Happy Friday! Happy July, too! And Happy Independence Day weekend! Wow, that’s a lot of happy wishes!
I know the 4th of July holiday weekend brings a lot of fun-in-the-sun, but for that moment you need to take it inside for a bit, I thought I’d share an easy, tiny craft that T and I did together over Memorial Day weekend that translates well to the 4th weekend just the same.
Construction Paper Flag
Materials:
Construction Paper, one-each of uniform-size pages of red, white, and blue
Glue Stick
If you have one, Small Star-shaped Rubber Stamp
One Household Sponge (If no rubber star stamp)
Scissors (to cut the paper and the sponge, if needed)
Sharpie Pen (to write on sponge, if needed)
White Non-toxic Paint (we used washable tempera)
Paper Plate (for the paint)
- Decide to keep either red or white page whole and intact. You will use this horizontally as your flag base.
- Cut seven full-length, horizontal strips from the other red or white piece not being left whole. Your height size will vary depending on scale of overall project; our strips measured somewhere around 1″ or so. Eyeball it like I did before cutting, no ruler necessary. These will be your flag stripes, so you will need 7 strips total, but you should have more strips if you cut the whole piece (that’s OK, save for another project, or decorate both sides!).
- Cut a square from the blue paper piece that would fill the top right-hand 1/9th of the whole piece of paper being used as base for flag.

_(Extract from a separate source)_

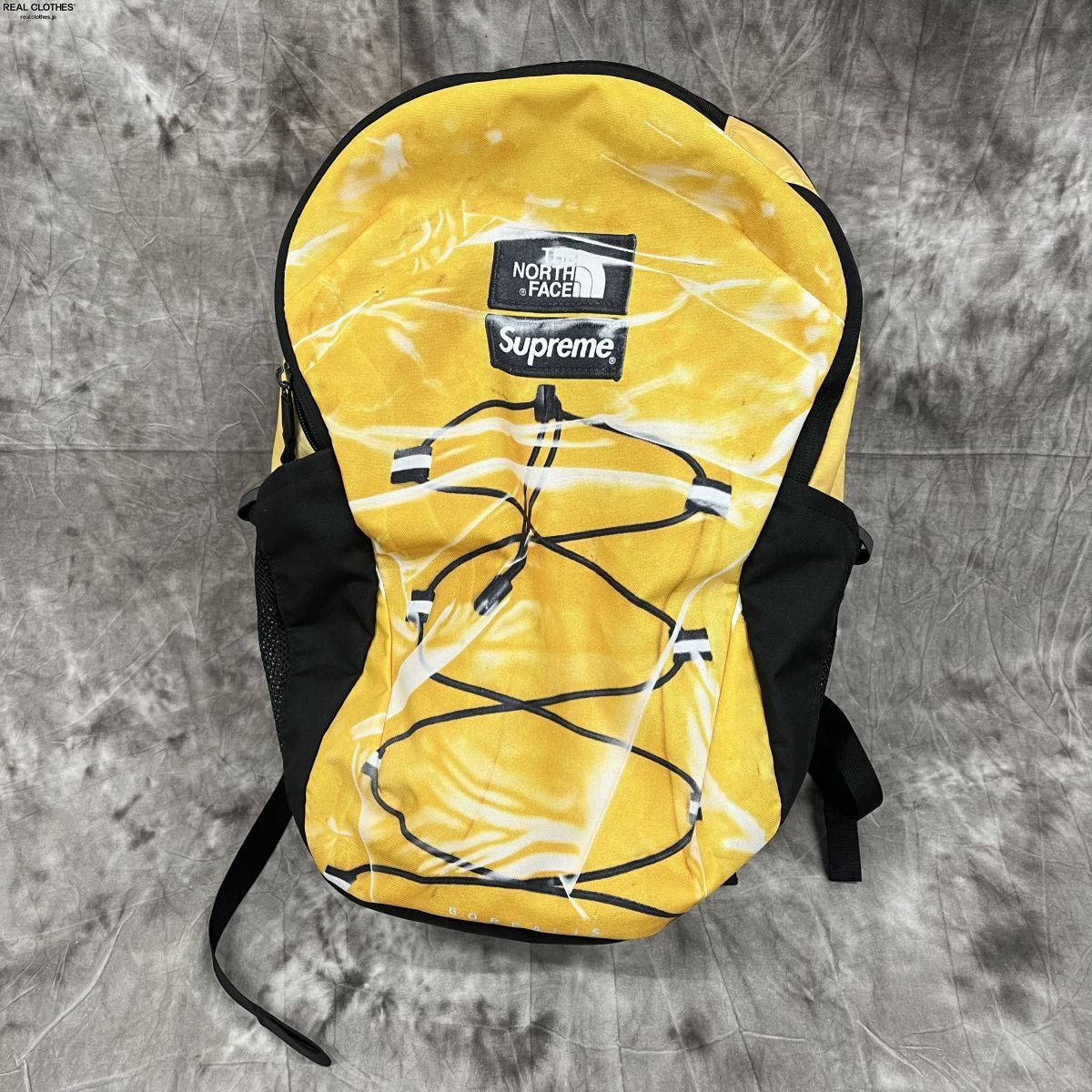 Yellow north face discount backpack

- Starting flush with the top of your flag base, arrange strips the long-way one at a time, leaving an equal amount of room between the strips as the size of the strip itself. Now you should see 13 alternating red and white stripes, and the top and bottom stripe should be the same color. If your count is off, trim down strips so everything fits.
- When you have spacing just right, now glue on the strips as you have them arranged.

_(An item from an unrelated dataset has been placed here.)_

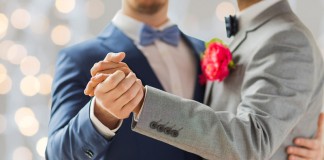 Catholic Archbishop Says Yes To Same-sex Partners At School Formals happy male gay couple holding hands and dancing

- Glue blue box to top right-hand corner; this will cover some of the stripes in-part, but that’s OK. You should see the flag coming together now…

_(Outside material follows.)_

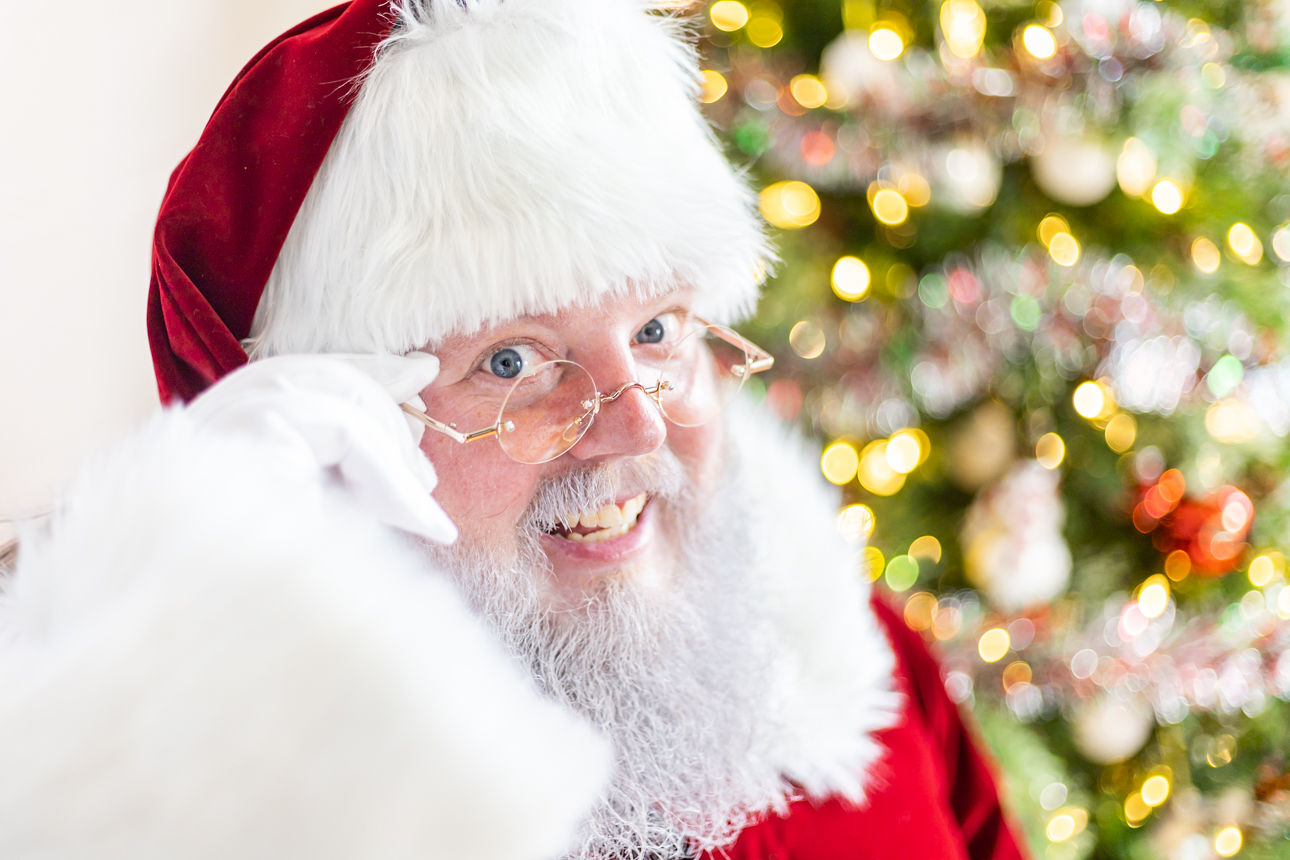 Santa Claus with glasses and a white beard, wearing a red hat, smiling near a decorated Christmas tree.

- Pour small amount of paint on paper plate.
- If you have a star stamp, dip in white paint and randomly dot stars in blue box (you probably won’t have room for 50 but if you do, go for it). Long may it wave!
- (alternate to step 8 ) BUT If you don’t have a star stamp (like me), make your star stamp with a household sponge! Draw a star on a sponge with a sharpie pen then cut outline with scissors. It’s hard to keep a symmetrical star shape, or keep it super-small, but we managed (remember, my boy is just 3.5 years old so he didn’t care; however, I fully realize that older kids might balk at my crafting approach). Finally dip sponge stamp into paint and scatter stars in blue box (again, most likely not space for 50 but do what you can). Pledge allegiance.
To do both sides of flag, let first side dry, cut additional blue construction paper box (per step 3 above), and turn over. With your leftover stripe strips, you should be able to complete the second side, too. If not, repeat step 2 also to create more stripes. Then follow rest of above instructions EXCEPT remember to create the second side as a “mirror image” – meaning, the blue box will go in the top LEFT corner (so directly behind the front side’s affixed blue box).
To fly your flag, get a long, thin wooden stick or dowel, staple flag around stick along the blue-corner side, and go enjoy the parade!
Don’t want to mess with paint and have those old-school silver foil star stickers – or other similar star sticker – on hand? Gold star for you if so! Totally skip the paint part and use ‘em.
Here’s a photo of our finished project…
And here’s a photo of the star stamp we made…
I obviously helped – a lot. I admit it, I’m pretty sure I had more fun with this one than T did… but as you can see, exact measurement is not necessary. Just make it work!
Happy Independence Day! Have a safe and festive holiday weekend!